Of course there are other AI tools out there, so this will apply to any chat type tool.
Begin with broader prompts to establish the overall structure and layout of your design. Then, use more specific prompts to create individual components, referencing the existing structure. This iterative approach helps you gradually build up your design while maintaining clarity and control.
v0 retains the context of your previous prompts within a chat. Use this to your advantage by referencing previous responses and building upon them. You can also link to previous files to provide examples or context for v0.
I have used Figma visuals and even screenshots found online as starting points. Uploading these gives V0 a head start, so it can quickly understand the look and feel you're going for. This lets you jump right into fine-tuning details and interactions instead of starting from scratch.
When writing prompts, use clear and descriptive names for variables, classes, and IDs. This will make the generated code more readable and easier for you and your engineering team to understand.
Ask v0 to add comments to the generated code to explain the purpose of different sections. This improves the code quality.

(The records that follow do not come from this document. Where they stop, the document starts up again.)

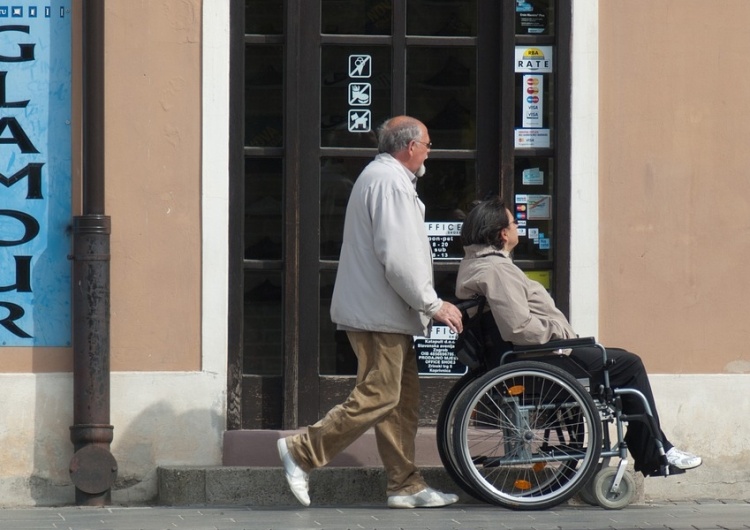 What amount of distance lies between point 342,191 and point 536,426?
185cm

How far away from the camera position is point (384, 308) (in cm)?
694

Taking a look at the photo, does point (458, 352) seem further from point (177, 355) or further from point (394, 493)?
point (177, 355)

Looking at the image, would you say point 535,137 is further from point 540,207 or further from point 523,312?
point 523,312

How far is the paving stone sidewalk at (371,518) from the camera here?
6559 millimetres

Designing with V0 was a lot of fun, which is a big point in its favor. It was a refreshing change of pace, but will it fully replace Figma, Sketch, Penpot, and the like? While it has a lot to offer, it's not a complete replacement yet, and still has room for improvement. I will definitely be using it for prototyping and early stages of design process.
I can see the bigger picture here where these tools will incorporate all of design process and stages, to complete the big picture to feed directly in to the output which is a final design fully fledged from start to finish. A one stop shop where we plug in what we learn and the individual agents will do their thing.
So what happened at the end of it all? I'm very happy with the results of the pilot. I had to ramp up fast, and it took some time to get things fairly right—still not perfect, but I am refining my prompts and processes all the time. The collaboration with engineering was a good success, yet some annotations of files could be improved. This is something I'm working on.
The product is currently in Beta, undergoing testing and further validation with a select group of customers and unfortunately I'm unable to show visuals of the product. This Beta phase is crucial to ensure a successful launch and demonstrate how AI is impacting UX design for the good. Designing the new product with v0 was exciting and it challenged me to rethink traditional processes, and embrace AI as a co-pilot. The experience was incredibly rewarding and there is no looking back, and I will continue to refine this process.